The Supreme Court is Wrong on Campaign Finance

Ian Hutchinson | Unsplash

If recent years have taught us anything, it’s that our democracy is fragile and needs to be protected. But earlier this week, the Supreme Court did the opposite. The Court ruled on Monday in a case involving Texas Senator Ted Cruz that campaign donors should be allowed to replenish political candidates’ personal wealth after election campaigns have concluded.

This decision effectively opens politicians up to cash bribes during their terms. Allowing wealthy donors to add to the personal wealth of politicians will only further skew the playing field of electoral politics in favor of the rich.

One of the greatest problems with American politics today is that money equals influence. The more money you have, the more political power you have. Thanks to this Supreme Court ruling, that’s going to become more true – if a candidate can only run for office and be successful with the promise of future support from wealthy, powerful benefactors, we are just going to see one type of candidate thrive. This limits the diversity of experience and perspectives represented in our halls of government and gives the rich and powerful even more sway over how our laws are made

Millionaires and billionaires should not have the outsized political power they do now, and money should not equal speech. Until we pass significant campaign finance reform, they will continue to dictate that policies that favor them be instituted at the local, state, and federal level. We need laws that guarantee elected officials are representing the collective voice of the voters, not the select wishes of an elite, deep-pocketed few.
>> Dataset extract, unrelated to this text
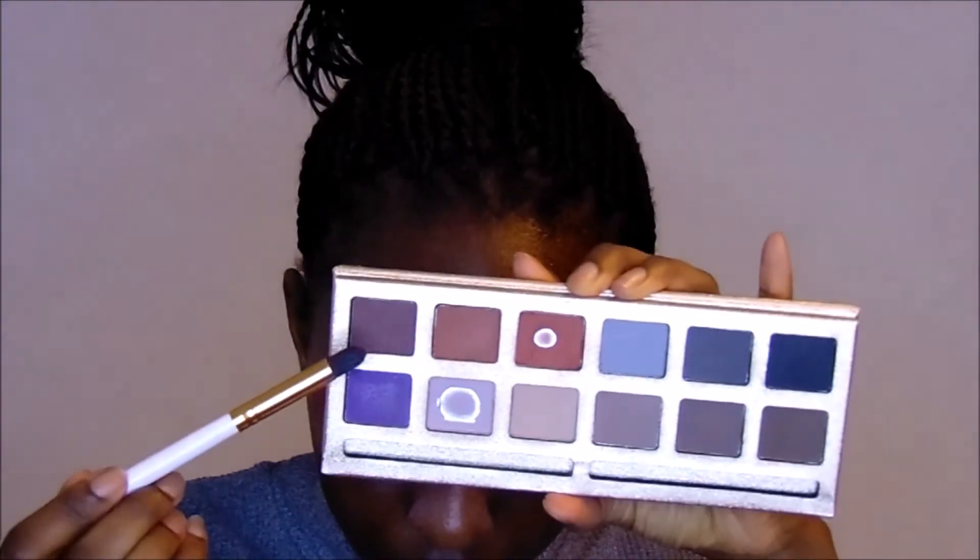I'm going to add some depth, so the last color I'll use is this brown - a chocolatey color. I'll put it right at the outer corner. You'll barely tell I even have brown on, so I'm just going to tap that in very lightly and keep it on the outer corner.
This week we’ll discuss how the Supreme Court decision on Federal Election Commission v. Ted Cruz for Senate is just one more way in which the law is designed to benefit rich political candidates and rich donors while increasing the influence of rich donors on elections.

The Supreme Court Just Streamlined the Process for Bribing Senators The Nation by John Nichols
Author John Nichols does a phenomenal job in this piece laying out both the technical aspects of the FEC vs. Cruz decision as well as the historical influence leading up to this decision by the Supreme Court, shining a light on a near-half-century-long onslaught against corruption protections in American politics. The dissenting opinion of the court calls out the decision that gives a green light to politicians soliciting wealthy donors, during their elected term, in order to get money to recoup their personal wealth. It doesn’t take a genius to see how this decision opens up politicians to deep corruption at the hands of the nation’s richest.

The Good That Ted Cruz’s Supreme Court Win Can Do – The Atlantic by Anand Giridharadas
The FEC vs. Cruz decision truly shines a spotlight on the abysmal state of campaign finance law in America. The last decade of assault, especially, has created a paradigm shift in the way wealthy individuals attempt to influence the electoral process. In recent years, billionaires have topped the financial donation charts. Wealthy mega-donors aren’t anything new, but in a post-FEC vs. Cruz America where it has been reiterated that money is equivalent to free speech, their donations will drown out the voice of the other 99% of Americans. In a world where politicians are bought and sold, this ruling, at least, makes it undeniably clear that we need reform, and now.

The Little Red Boxes Making a Mockery of Campaign Finance Laws – The New York Times by ​​Shane Goldmacher
Under the current law, politicians are barred from collaborating directly with their donors’ Super PACs to, for example, blatantly tell their supporters what to do or say to support them. Recently, however, politicians have found a workaround to this law by utilizing red-bordered boxes on their websites and other places to provide language that can be ripped directly by donors and used in their ads. This is clearly contrary to the spirit of the law, but without more effective enforcement and more aggressive laws, this kind of direct coordination will continue to occur. There is truly no limit to the lengths politicians will go to to ensure they make use of every dime rich people have to offer them.

Democrats pounce on latest tax perk for the rich: falling audit rates – The Hill  by Letters to the Editor
With the IRS burdened with 39 million unprocessed or pending tax returns, they have been on the receiving end of a lot of grief – both from taxpayers and from politicians.  The U.S. government’s inability to do its job has been a growing problem for decades, but in its current state, the IRS is plainly incapable of properly identifying and punishing tax evaders. As a recent report from the Treasury Department revealed, it has become clear that wealthy Americans are currently able to get away with an incredible amount of tax evasion, and because the IRS doesn’t have the funding to go after rich people with complicated finances, they audit poor people at a higher rate. Democrats are taking this opportunity to call out the unequal audit system the IRS uses.